Elue municipale pour la première fois à 40 ans, non-encartée dans un parti politique et n’ayant pas fait science po, je découvre avec étonnement le fonctionnement des mandats locaux… et ce qui va avec! Adjointe à la maire de Rennes, déléguée à la santé, et à ce titre, élue à la présidence d’un réseau national d’élus autour de la santé, je ne peux pas avoir un travail à temps plein si je veux suivre mes dossiers. Mais je ne veux pas faire carrière en politique et, d’autre part, mes indemnités d’élue ne sont pas suffisantes pour faire vivre ma famille.
Car au niveau local (contrairement au niveau national), pas de retraite en or, de voiture de fonction et les indemnités ne sont pas toujours très élevées (ça dépend des mandats et des villes/département/région). Et pour les petites communes, il n’y a souvent pas du tout d’indemnités.

Quand il y en a, une partie de ces indemnités est reversée au parti politique (je ne suis pas membre d’EELV mais je reverse car je fais partie du groupe écolo). Au sein de notre groupe à Rennes, on ne cumule pas, et on n’a pas d’avantages en nature (pas de place à l’opéra ou au foot 😉 ) ni d’avantages qu’ont d’autres collectivités (garde des enfants remboursée pour les réunions du soir par exemple) donc chacun se débrouille avec son statut et sa délégation face à un statut à durée déterminée (et heureusement !).
Alors élu.e local.e, quelles sont tes options ?
1/ Continuer à travailler
- en aménageant tes horaires de travail : il faut alors équilibrer ton mandat et ton travail : par exemple tu n’es jamais aux réunions des lundi et mardi, mais c’est acté et donc cela s’adapte en fonction de toi. Pour certains ça marche bien, mais pour les conseillers municipaux c’est plus compliqué car ils doivent s’adapter aux réunions fixées par les adjoints. Cette solution est plus facile pour les fonctionnaires, qui sont donc entre 30% et 55% des élus selon les institutions.
- sans aménager tes horaires de travail, mais alors tu n’es pas du tout aux réunions et pour comprendre les dossiers tu travailles le soir et le week-end (le cas des élus d’opposition)
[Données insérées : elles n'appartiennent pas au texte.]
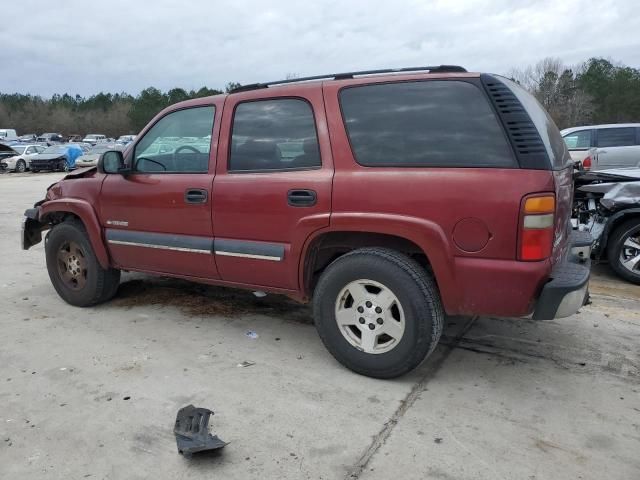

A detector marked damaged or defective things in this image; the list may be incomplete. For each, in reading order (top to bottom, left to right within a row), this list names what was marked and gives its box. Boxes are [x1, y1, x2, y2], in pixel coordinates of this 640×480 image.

damaged front bumper [532, 231, 592, 320]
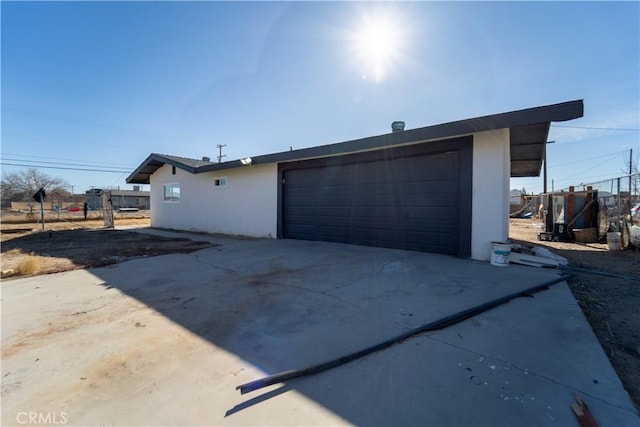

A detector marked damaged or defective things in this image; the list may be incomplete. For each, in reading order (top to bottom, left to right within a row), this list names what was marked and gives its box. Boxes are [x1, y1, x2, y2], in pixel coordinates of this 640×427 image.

crack in concrete [422, 336, 636, 416]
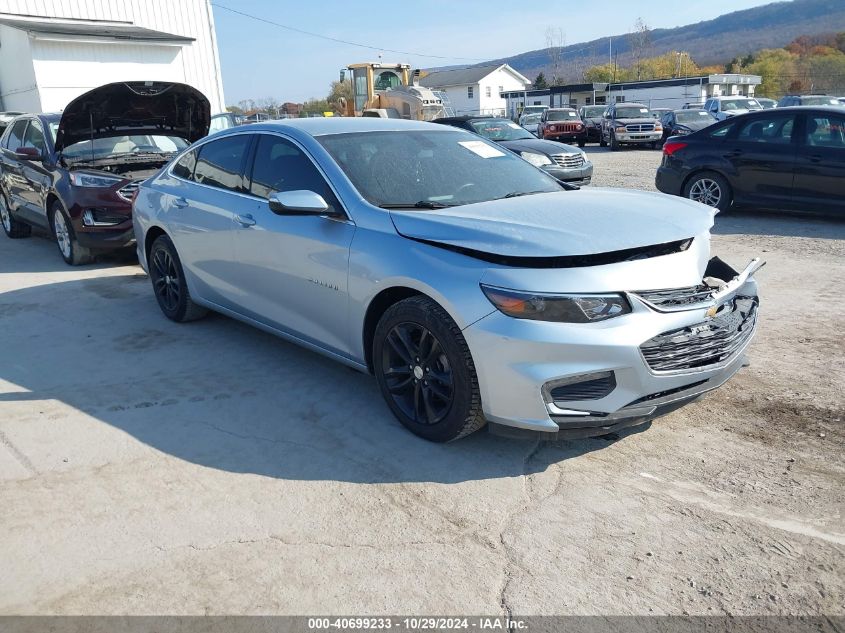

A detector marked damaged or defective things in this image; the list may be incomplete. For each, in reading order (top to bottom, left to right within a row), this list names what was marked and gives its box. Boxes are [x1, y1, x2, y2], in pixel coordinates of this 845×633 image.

broken bumper cover [464, 256, 760, 434]
damaged front bumper [464, 254, 760, 436]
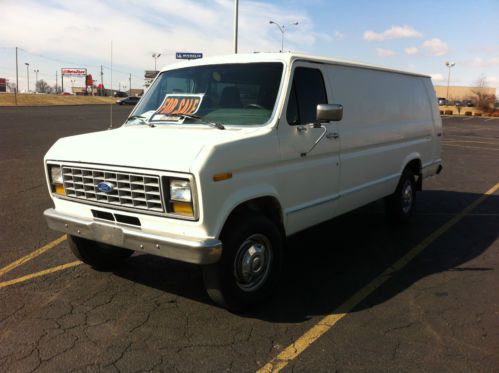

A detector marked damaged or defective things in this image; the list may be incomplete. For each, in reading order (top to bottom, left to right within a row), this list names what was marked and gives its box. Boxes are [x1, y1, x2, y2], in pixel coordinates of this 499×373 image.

cracked pavement [0, 106, 499, 370]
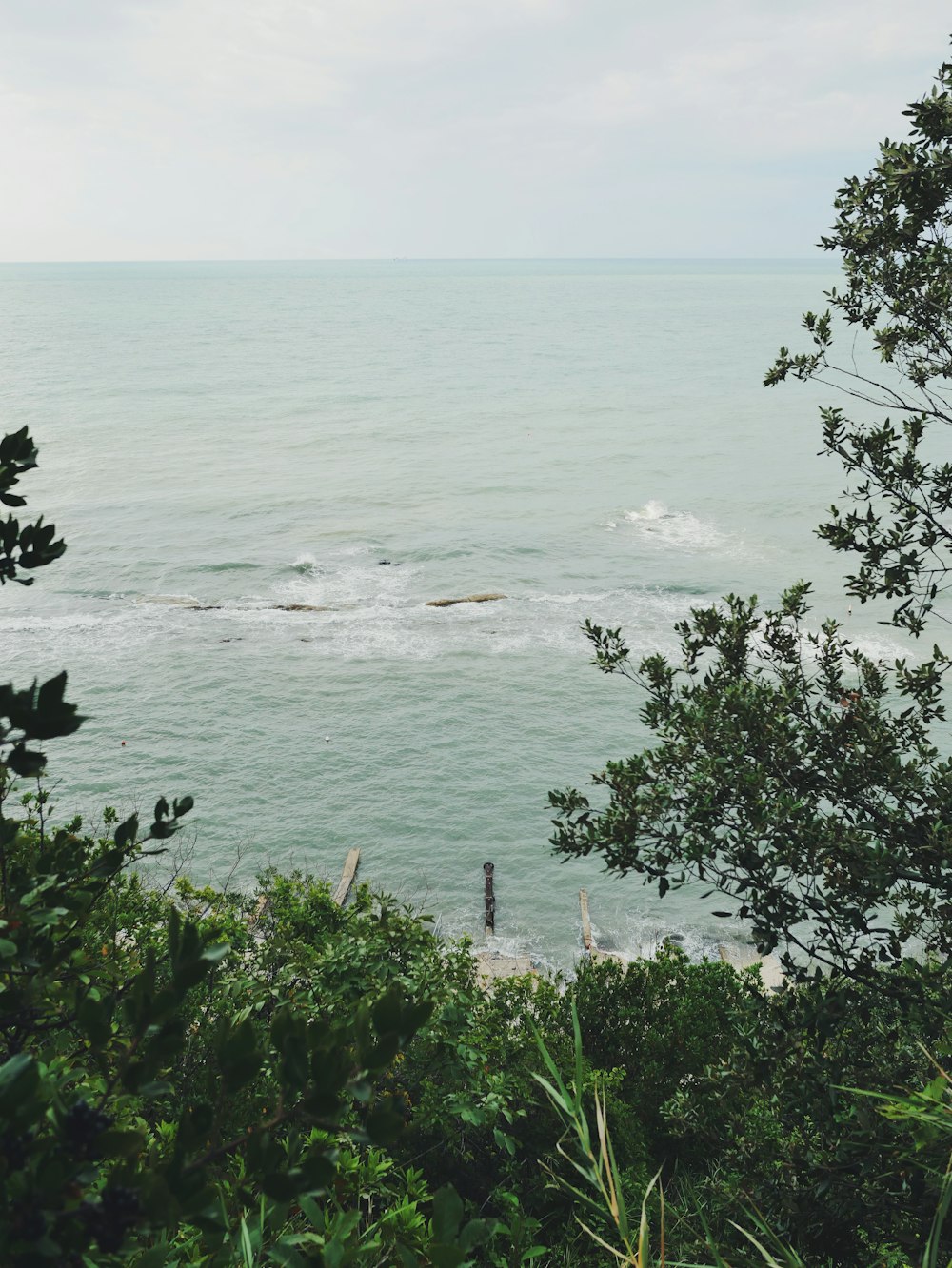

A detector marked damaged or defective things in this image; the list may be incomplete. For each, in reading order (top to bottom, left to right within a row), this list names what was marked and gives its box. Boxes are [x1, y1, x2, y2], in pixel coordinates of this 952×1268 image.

broken timber plank [335, 845, 364, 902]
broken timber plank [484, 861, 499, 937]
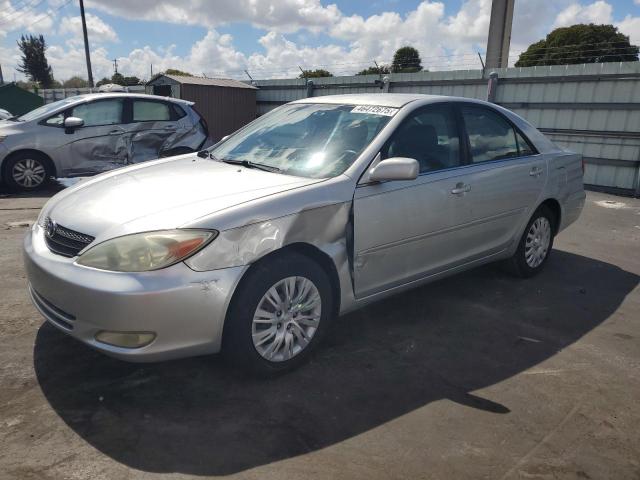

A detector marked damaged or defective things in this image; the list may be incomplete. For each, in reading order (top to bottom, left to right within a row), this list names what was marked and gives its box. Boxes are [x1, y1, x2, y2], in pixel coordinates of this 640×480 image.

damaged white car [0, 94, 208, 191]
damaged car's windshield [210, 103, 396, 178]
damaged car's headlight [76, 230, 216, 272]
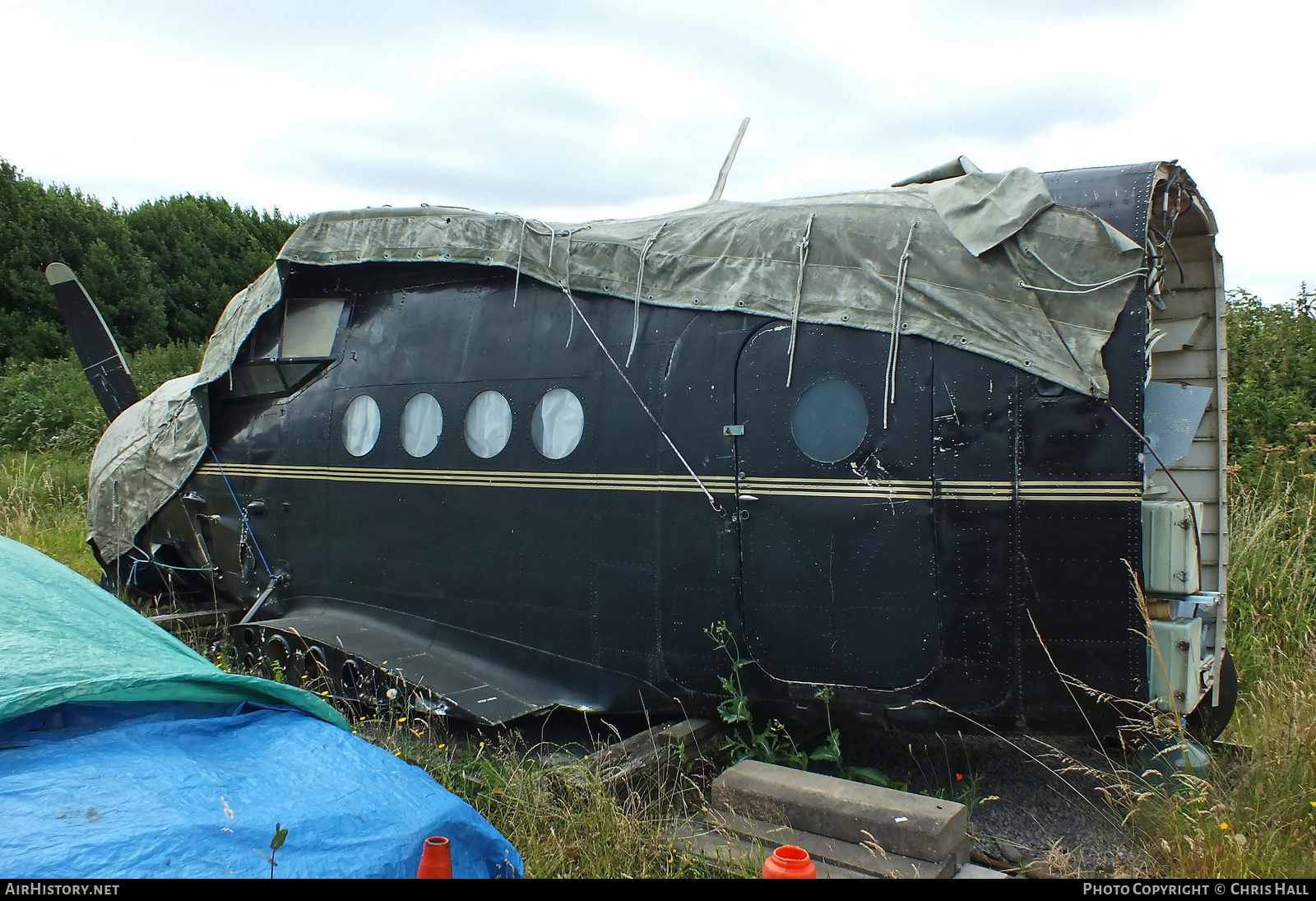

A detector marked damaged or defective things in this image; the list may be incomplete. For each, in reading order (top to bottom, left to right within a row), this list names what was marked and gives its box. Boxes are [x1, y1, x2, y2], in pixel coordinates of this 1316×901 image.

- en travaillant comme indépendant (mon choix!) avec des contrats ponctuels (quand tu en trouves), et cela implique d’aller travailler si possible en dehors de ta ville pour ne pas cumuler des casquettes, et donc… louper par exemple les assemblées générales et les conseils d’écoles auxquels tu représentes la ville.
2/ Arrêter de travailler
C’est ok si les indemnités sont suffisantes à ton niveau de vie ou si as un-e conjoint-e qui assure financièrement
Si tu es fonctionnaire, tu retrouves ton travail à la fin (et encore tu n’es pas toujours garanti que ce soit la même fonction ou le même lieu). Mais si tu reviens sur le marché du travail tu présentes un trou de 6 ans dans ta carrière, 6 ans de plus en âge, et soyons clairs, avoir fait de la politique n’est pas une recommandation dans le privé.
Et tu n’as pas de chômage.
Donc si tu ne retrouves pas ton travail tu peux :
- essayer de rentrer dans la fonction publique par les concours ce qui est facilité pour les élu.e.s (bonne nouvelle mais on se mord la queue sur la sur-représentation des fonctionnaires)
- faire une carrière politique dans les cabinets politiques
- tout faire pour être réélu, ce qui amène au cumul des mandats dans le temps, et à des politiques professionnalisés qui ne connaissent pas le monde du travail, les entretiens d’embauche, la subordination salariale etc. Bref, c’est la course à l’élection.
3/ Entrer en politique une fois que tu es retraité !
Tout cela contribue au fait que globalement, ouvrières et ouvriers, employé.e.s, artisans, commerçant.e.s sont très peu représenté.e.s parmi les élu.e.s.
Et cela amène à ce qu’en France, 80% des politiques cumulent des mandats : un record mondial !
Rien de nouveau pourtant, et de nombreuses propositions ont été faites, certains partis proposent des systèmes différents… A l’heure où l’abstention gagne toutes les élections, réinventer la démocratie passera par réinventer le statut de l’élu, et de le faire en transparence, avec les citoyens.